"I happen to believe in the people and believe that the people are supposed to be dominant in our society. That they, not government, are to have control of their own affairs to the greatest extent possible with an orderly society." - Ronald Reagan

Science without reason, reason without humility.

Posted: July 14th, 2009 | Author: | Filed under: National | No Comments »

Acting on faith and conjecture can be dangerous. Acting on incomplete facts can be too.

Climate change is real. It was real before man walked the earth and, if the planet outlives the species, it will be real long after we have taken our final step. An anthropogenic impact on the environment is likewise indisputable. We have a demonstratively real capacity for poisoning our air and water and soil.

There however remain serious questions about our broader understanding of global trends. Existing models have thus far failed to accurately model past trends or predict emerging ones. Puzzling temperature maps published by the Goddard Institute of Space Studies last year uncovered significant errors in their dataset, calling into question diligence exercised in vetting data from a broad net of reporting sources. Many of the proposed positive feedback mechanisms that account for large temperature shifts lack any empirical grounding.

This is what passes for “settled science”. Paul Krugman of the New York Times spoke of “the irresponsibility and immorality of climate-change denial” and accused those arguing against Waxman-Markey of “a form of treason”. Proponents of the anthropogenic global warming, such as Al Gore and David Miliband, often equivocate those that question their conclusions with flat-earthers, moon landing sceptics and occasionally holocaust deniers.

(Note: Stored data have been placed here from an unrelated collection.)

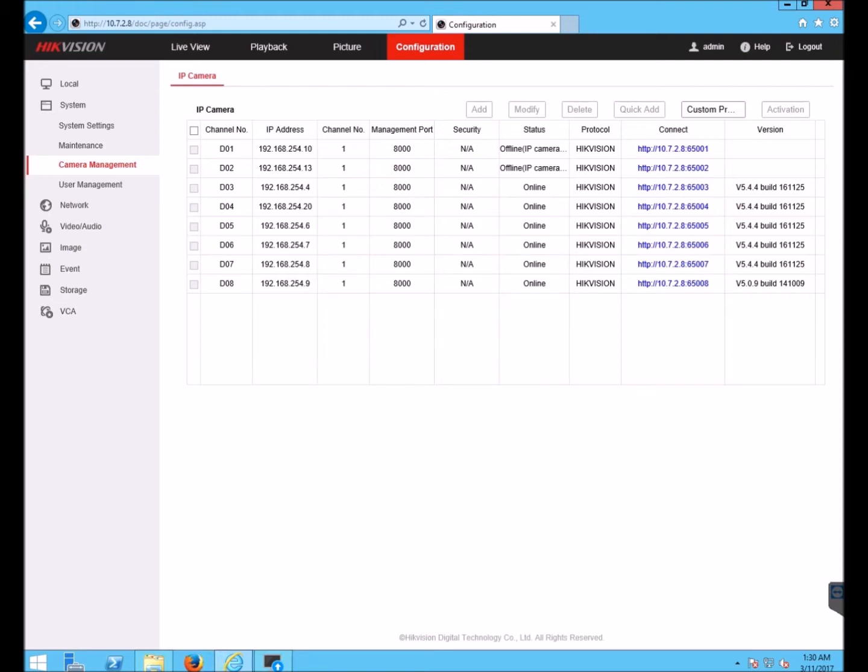First I'm going to show you how you can see the current camera firmware versions. I have logged into the NVR's web interface. I went to configuration and under system go to camera management.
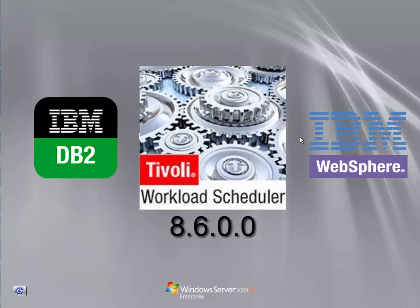Welcome to this session on installing Tivoli Workload Scheduler. You've got a few things which you need to be up and running first. You've got the IBM DB2 which is the database, and then we'll start installing the workload scheduler.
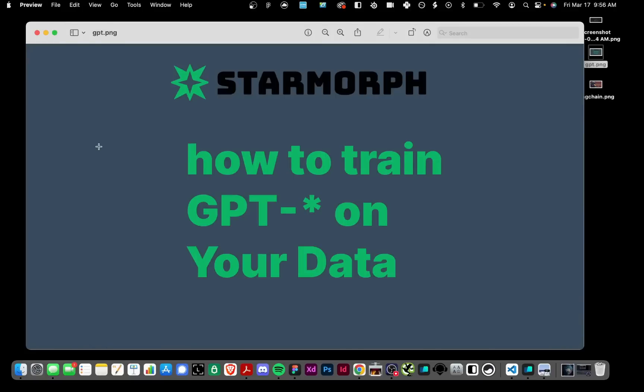Today we are going to go over how to train GPT on your own data. We're going to go into an intro of why you want to train and show a demo of what training can do, and then talk about different frameworks and strategies for training your data into GPT.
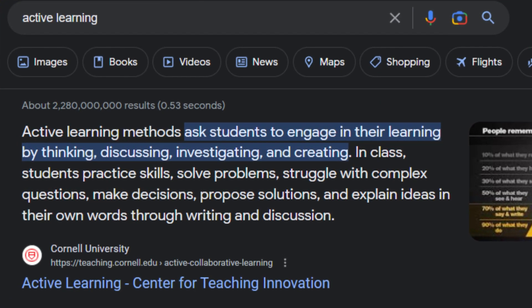The first thing I want to go over is the difference between watching a video and actively learning from a video. These are two separate things. When you actively learn, it engages your mind as a student to learn by thinking, discussing the topic, trying to find out what's going on and what's being taught, and then creating it yourself. That's active learning.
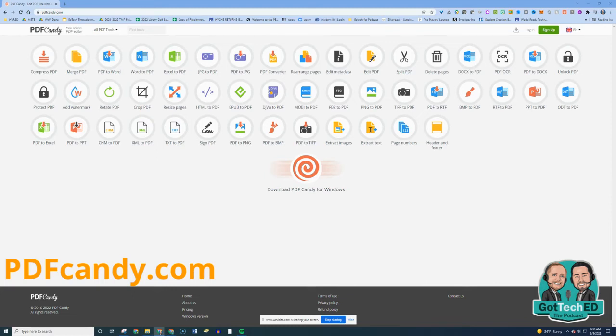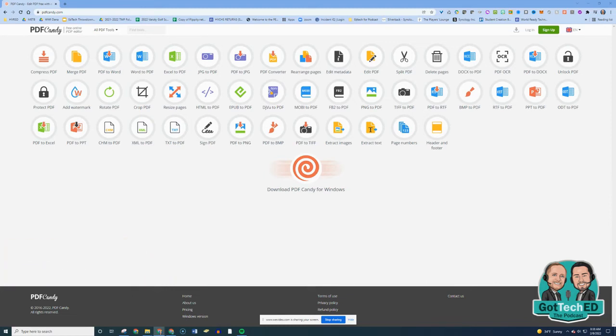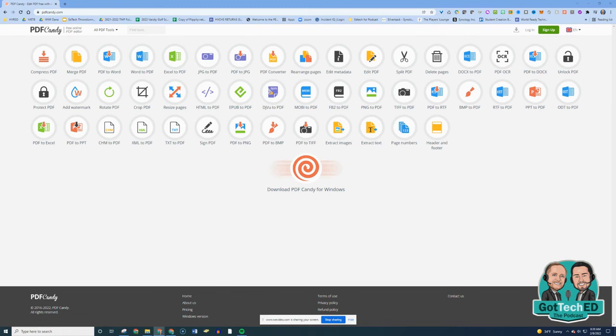whether you want to edit or split your PDF, delete pages within a PDF, sign a PDF, or even extract images and text, you can do that with PDFCandy.com. Go check it out.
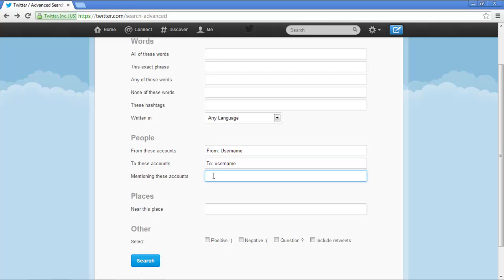You can always search by places. Narrow down your search by entering the nearby location of the tweet. In this manner, you can apply filters to your search and narrow down the search results with the help of advanced Twitter search.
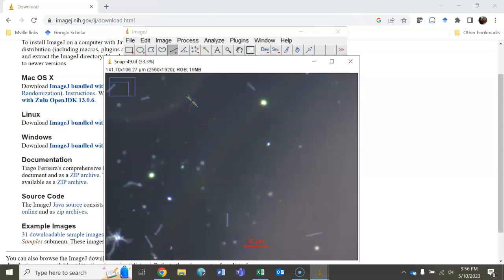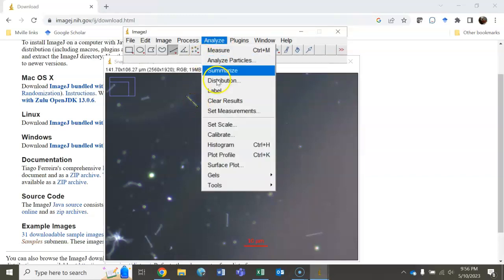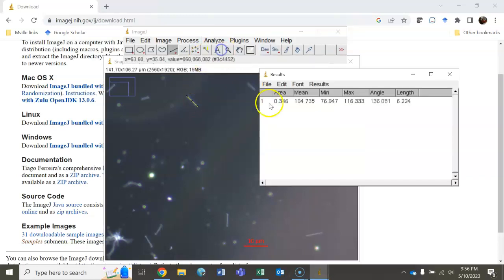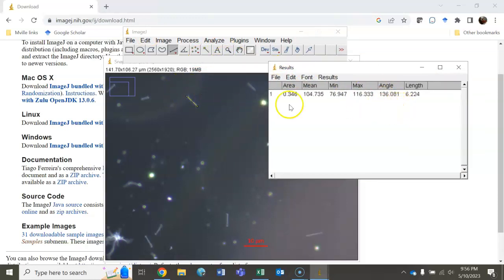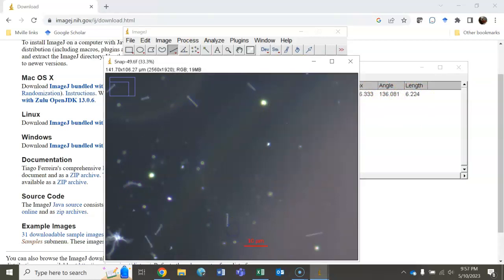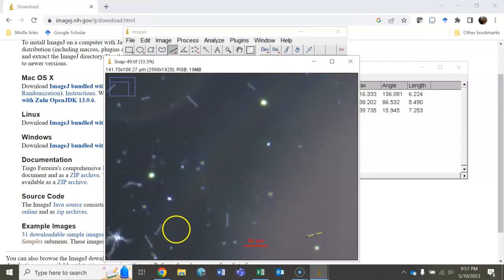If I click control M, or I go up to Analyze and click Measure, it's going to give me a measurement. You can see this window pops up with our results. It's saying that this spirochete is 6.224 micrometers in length. We can see there's another spirochete down here, so I can measure that one as well. I can measure this one as well. You're just going to keep on doing that.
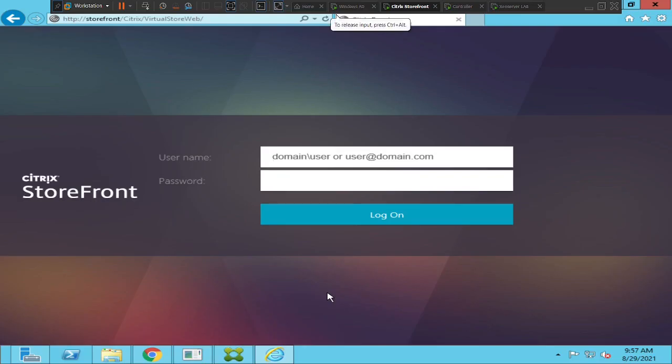Hi everyone. In this video I will show you how to install Citrix Workspace application on your computer or laptop. If you are a user who is trying to connect to a Citrix environment, you need to have Citrix Workspace application installed on your computer to access virtual apps or desktops.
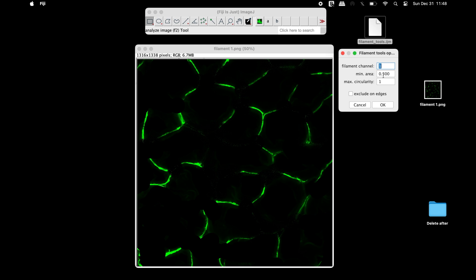Set the minimum area to specify the smallest area an object must have in order to be termed a filament. The maximum circularity can be set accordingly to allow the removal of objects that are too spherical to be filaments.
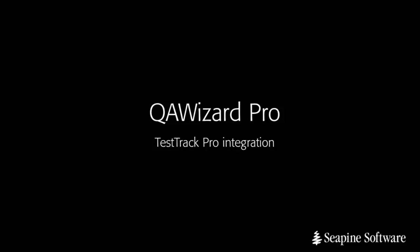Hi, my name is Gerd Kruger and today I'm going to be showing you how to integrate TestTrack Pro with QA Wizard Pro.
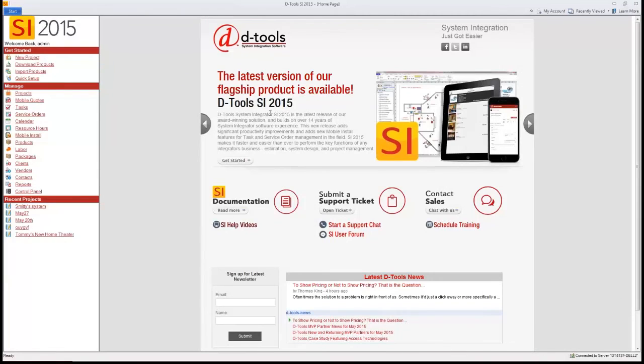If you have any additional questions, feel free to reach out to us at sales at d-tools.com or at 1-866-386-6571, extension 1. Thanks a lot.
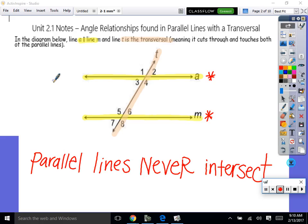We also have what's called a transversal. A transversal is a line that cuts through parallel lines and touches both sides. You can copy exactly what I have up here. When two parallel lines are cut by a transversal, it creates a bunch of angles — angle 1, 2, 3, 4, 5, 6, 7, 8. There are all these different angle relationship pairs: some angles are equal, some add up to 180. That's what we're going to learn.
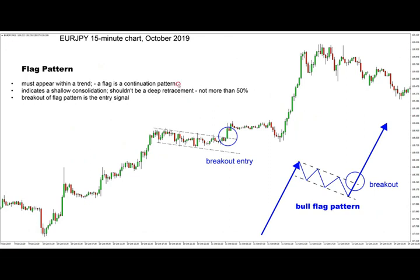The most important things to remember about the flag pattern are that it is a continuation pattern and appears within trends. It indicates a shallow consolidation and it shouldn't be a deep retracement to the previous swing of the trend — usually not more than 50 percent. That is a good indication for whether a flag pattern has been canceled out or could still be traded.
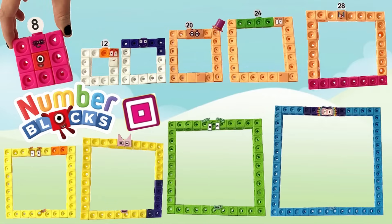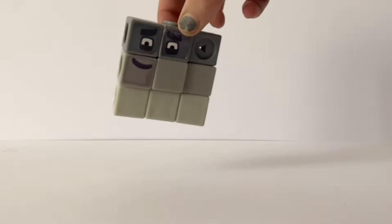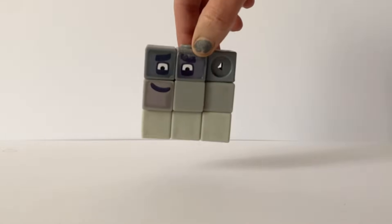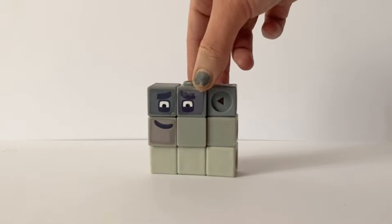Hello NumberBlock fans! In today's video we're going to explore the NumberBlocks square with a hole club with the MathLink Cubes. The square with a hole club was first popularised by NumberBlock 9.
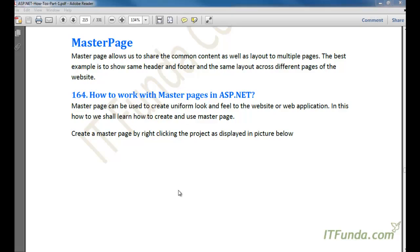In this video tutorial we are going to learn about master pages. A master page basically allows us to share common content as well as layout to multiple pages. The best example is to show the same header, footer, and layout across pages of a website. You must have seen many websites where the header, footer, and layout look the same but only the content changes. That kind of flexibility a master page can provide, where you can use it as a template.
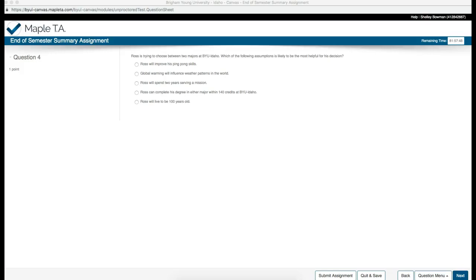Maple TA End of Semester Summary Assignment Question Number 4. Ross is trying to choose between two majors at BYU-Idaho. Which of the following assumptions is likely to be the most helpful for his decision?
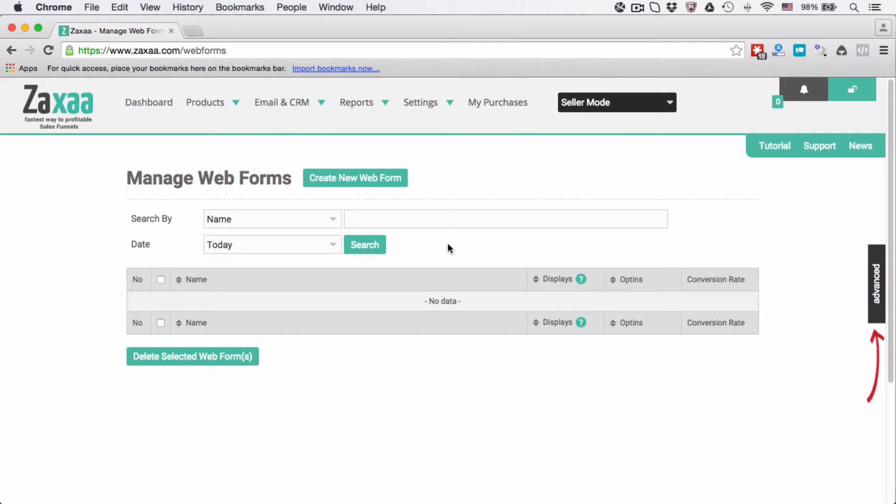In this video, I want to show you how to create a web form or opt-in form. A web form or opt-in form is where you place to collect subscribers information, your contact information.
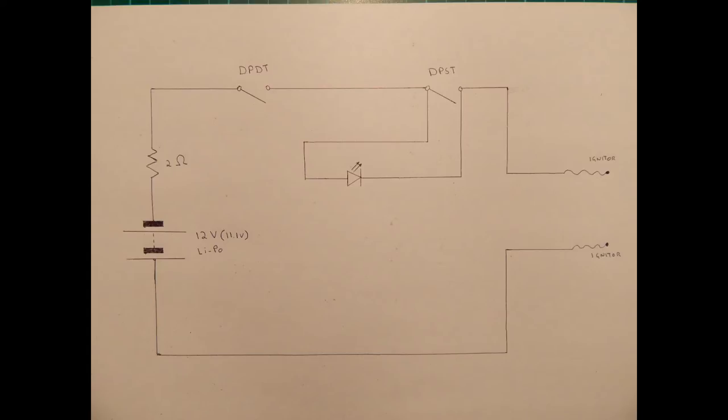So this is a DPDT switch, double pole double throw. It's a very simple diagram of it there. I'll show you on the wiring a bit more detail later on. After that we're then going on to the DPST switch which is effectively my push button to launch the rocket. That is then wired in parallel with a LED which you can see there between the two switches. I've put that in the middle. I should say the DPST stands for double pole single throw. Again that's a very simplified circuit diagram drawing of it but just to keep it simple.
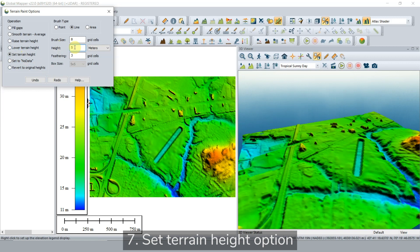Users can also set terrain height, which will raise or lower the terrain height to a set elevation within the specified area.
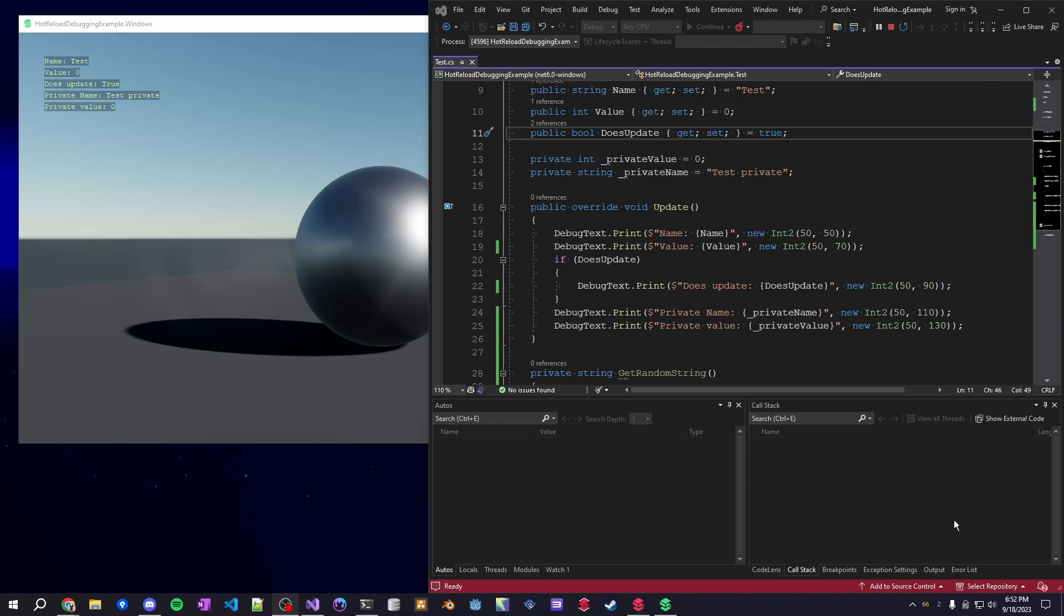In this video, I wanted to go over some common questions I've been seeing in the Stride Discord. Currently, a lot of people are asking if you can modify private variables within the Stride editor,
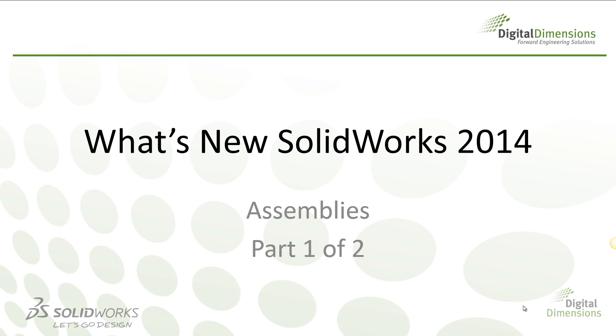Welcome to this DDI CADcast. My name is Bill Mitchell and today we will cover what's new in SOLIDWORKS 2014 for assemblies. This is going to be part one of a two-part CADcast.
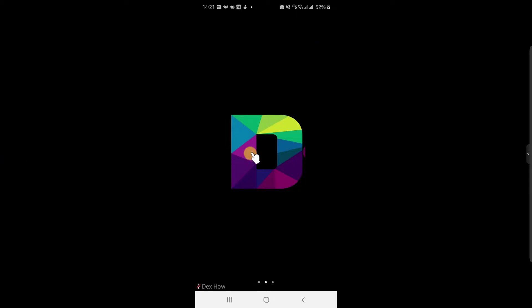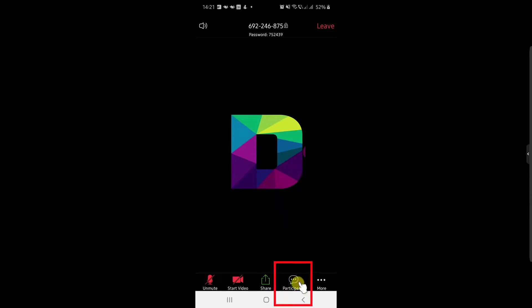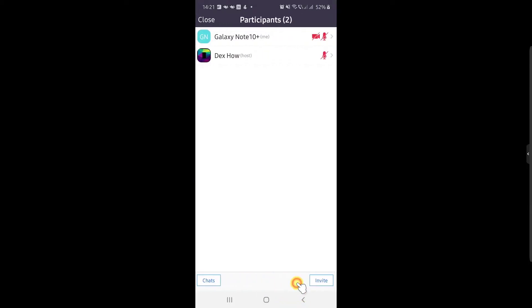First, tap on the screen on the phone device. You will see now more info about the meeting and some buttons on the bottom. Now tap on the participants button from the bottom.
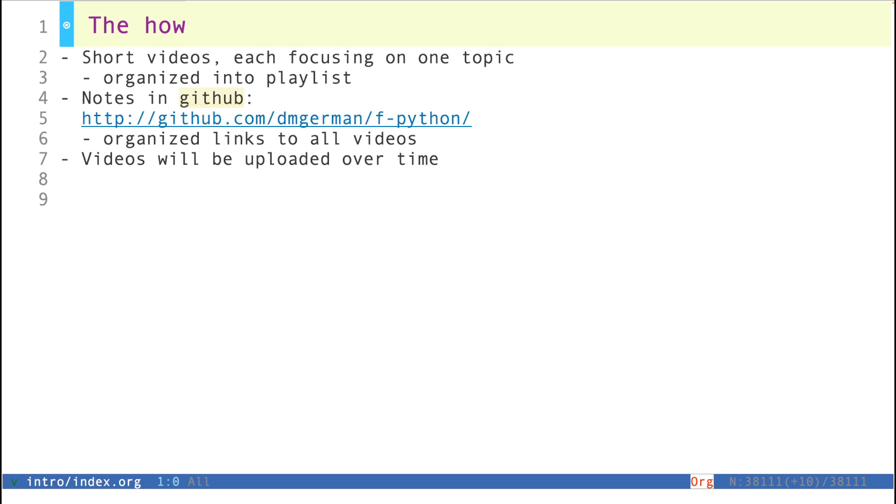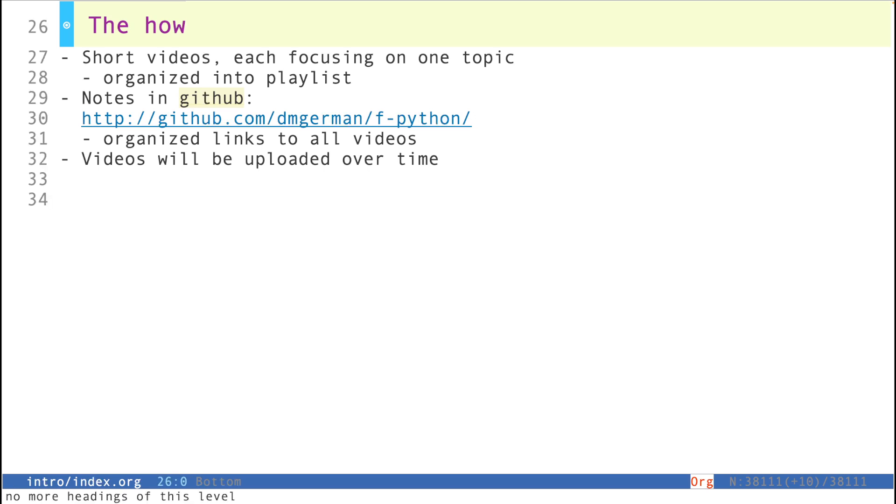will be in this repository, and the links to the videos will be properly organized there. Videos will be uploaded over time, so they will not appear all at once. This might be a project that lasts longer than a couple of months.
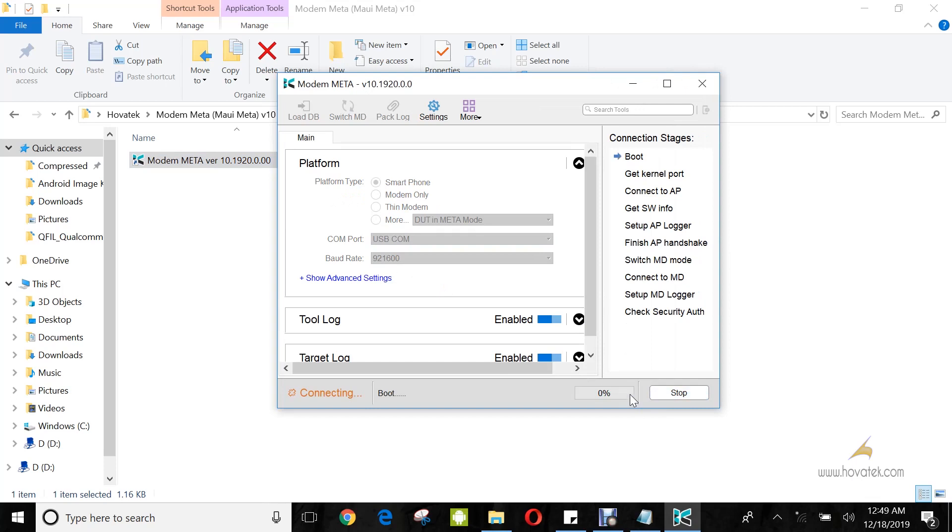Now, you power off the device still with battery in it. Do not hold any button. Then you connect it to the PC via USB cable. If you've installed the drivers correctly, then the phone should pass all connection stages at this right-hand corner.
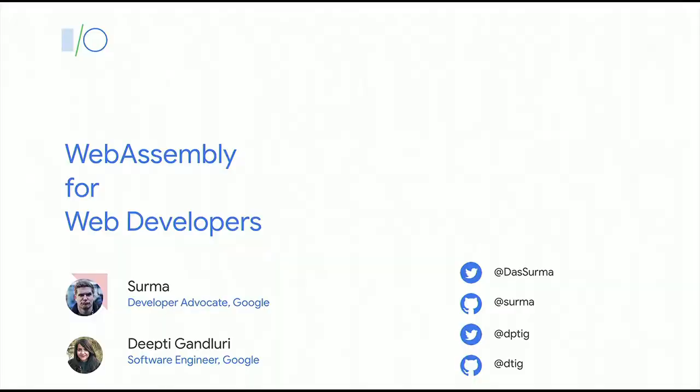I am Surma. I am a developer advocate for the open web platform and work with the Chrome team for Google in London. I have the great pleasure today to talk about one of my newly found passions, which is WebAssembly. You can contact me on Twitter if you have any questions in the future. My colleague Deepti from the Wasm engineering team is going to talk a bit about the future of WebAssembly later on.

Perhaps most chilling in recent news was the leaked mail correspondence regarding an internal report expressing “concerns and reservations… significantly important to warrant a serious review of the science by EPA before any attempt is made to reach conclusions on the subject [of endangerment analysis]“. Al MacGartland, director of the National Center for Environmental Economics urged the authors to cease any external communication and concluded the comments would have “a very negative impact on [their] office.”

The rightful place of science is as a tool, not a religion. Numbers and graphs and models provide only the illusion of precision and certainty. Before we, as a nation, take drastic measures that will impact the lives of millions, create vast federal bureaucracies, handicap us in a global market and strong arm our trading partners with de facto protectionist measures we should demands answers. Critical analysis of the IPCC report. Investigation into the politicization of the EPA. Science bridled by reason, and reason concious of our limitations.